OMG, the cuil wiki results are bad! I hadn’t seen them before. The ruby language page you linked to was bad, but readable — a few searches yielded more examples that fail even the readability test.
Clearly there’s not enough “I” in Cuil’s “AI.”
A very interesting comparison. I think Duckduckgo is a very good engine, and certainly a refreshing breeze in the search engine arena.
Congratulations Gabriel. As a fellow Philly area entrepreneur, I’m inspired by your success!
I had to laugh at Cuil’s own page on cpedia:
http://www.cpedia.com/search?q=Cuil
“Hell no..!! Cuil is a search engine that has launched on this (28th 2008). “But according to reviews on CNN, cuil fails to deliver a good service better than Google.”
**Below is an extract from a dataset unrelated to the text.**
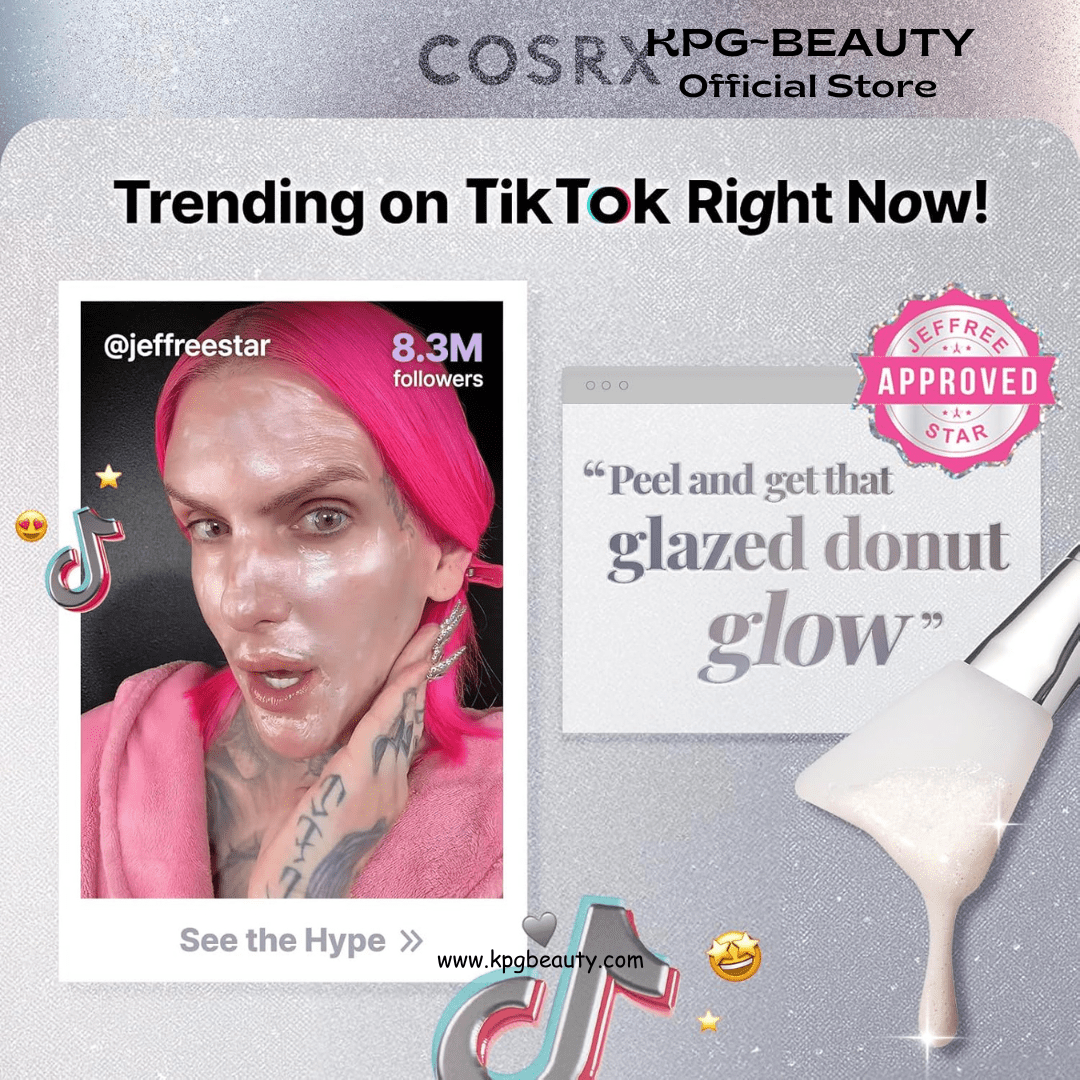 COSRX PDRN Exosome Glaze Wrapping Mask Salmon DNA Overnight Peel-Off Mask KPG BEAUTYCOSRX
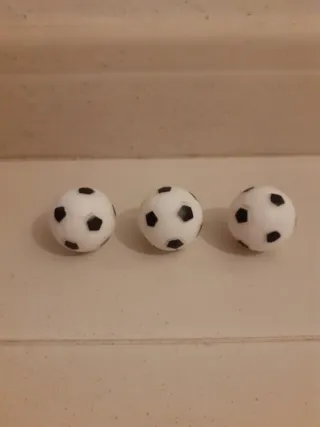 3 Balones de Futbolín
I’ve been rockin’ DuckDuckGo for a while now and love it. Gabe is a trusted colleague and brilliant entrepreneur. He could conquer a whole team of GooglyGiants.
Hi Antonio,
I see that your blog is occupying second place in the search result group “Ruby (programming language)”. Pure coincidence of course. =D
Seriously though, I had never even heard about Duck Duck Go Go. I already love it though. The grouping keeps the search results nicely on-topic.
I wish that I could search within results though.